Pour un particulier qui envisage de changer de véhicule sans repasser par le neuf, cette annonce mérite d’être décortiquée point par point : elle ouvre une piste de financement supplémentaire, mais elle s’accompagne de conditions techniques et administratives précises qu’il vaut mieux connaître avant d’engager un achat ou une signature de contrat de location. C’est tout l’objet de cet article : faire le tri entre ce qui est acquis dans le texte et ce qui reste, à ce stade, encore à préciser par les acteurs du marché.

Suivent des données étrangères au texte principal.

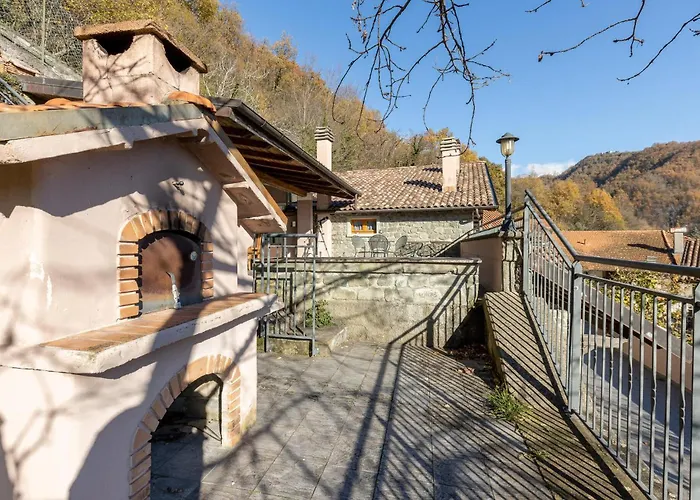 Cozy In With Wifi * Comano (Tuscany)
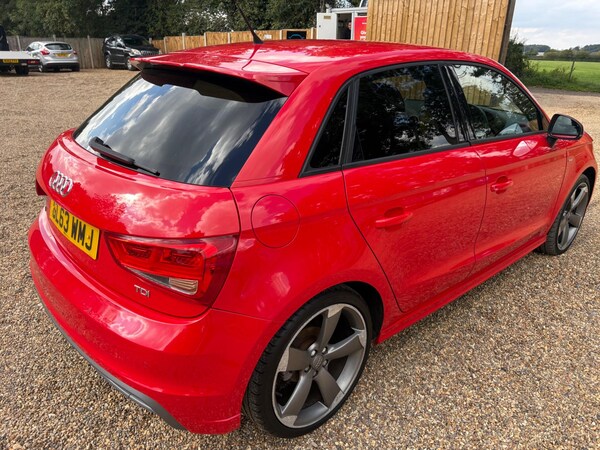 Used Audi A1 2013 for sale - 76094727: Photo 9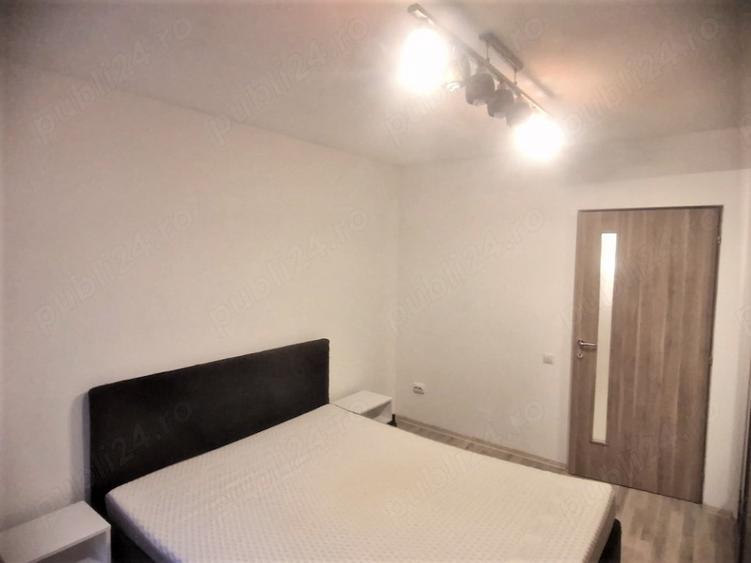 Apart. 2 camere deco., cartier Intre Lacuri, cu terasa, ideal pt cuplu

Les faits : une fiche CEE dédiée à la voiture électrique d’occasion

Publié au Journal officiel, cet arrêté crée, dans le cadre du dispositif des certificats d’économies d’énergie, une nouvelle fiche d’opération standardisée consacrée aux économies d’énergie portant spécifiquement sur l’achat ou location d’une voiture particulière électrique d’occasion. Référencée dans la nomenclature officielle des opérations transport, cette fiche s’ajoute aux dispositifs déjà existants pour le véhicule électrique, comme le leasing social relancé cet été pour les véhicules neufs.

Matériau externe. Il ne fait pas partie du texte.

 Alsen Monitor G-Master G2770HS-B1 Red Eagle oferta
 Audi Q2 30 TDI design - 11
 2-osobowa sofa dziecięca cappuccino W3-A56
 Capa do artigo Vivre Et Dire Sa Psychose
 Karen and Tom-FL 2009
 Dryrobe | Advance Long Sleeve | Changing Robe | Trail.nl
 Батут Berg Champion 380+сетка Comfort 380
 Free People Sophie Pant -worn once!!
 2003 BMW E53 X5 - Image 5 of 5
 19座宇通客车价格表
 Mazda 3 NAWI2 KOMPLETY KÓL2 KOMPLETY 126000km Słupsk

Sur le plan du calendrier, les dispositions du présent arrêté entrent en vigueur à compter du 1er septembre 2026 et s’appliquent aux opérations engagées à compter de cette date. À l’autre bout du calendrier, la présente fiche s’applique aux opérations engagées avant le 1er septembre 2030 — soit une fenêtre de quatre ans pendant laquelle acheteurs et loueurs pourront mobiliser ce nouveau soutien, sous réserve, comme toujours en matière de CEE, que les obligés continuent de proposer cette opération. Le texte complet est consultable sur Légifrance.

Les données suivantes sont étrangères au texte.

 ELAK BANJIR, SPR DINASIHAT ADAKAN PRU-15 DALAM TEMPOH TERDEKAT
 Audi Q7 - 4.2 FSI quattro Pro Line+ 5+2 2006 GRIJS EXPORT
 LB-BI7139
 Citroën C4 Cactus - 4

Sur le principe, le mécanisme des certificats d’économies d’énergie fonctionne toujours de la même manière : les fournisseurs d’énergie, appelés « obligés », doivent financer des actions de réduction de consommation auprès des ménages et des entreprises, sous peine de pénalités. En contrepartie, ils obtiennent des certificats, exprimés en kWh cumac, qu’ils peuvent valoriser. La création d’une fiche dédiée à la voiture électrique d’occasion s’inscrit dans cette logique : elle reconnaît, pour la première fois de façon spécifique, que le passage à l’électrique via le marché de l’occasion constitue lui aussi une opération éligible à ce financement, au même titre que l’isolation d’un logement ou le remplacement d’une chaudière.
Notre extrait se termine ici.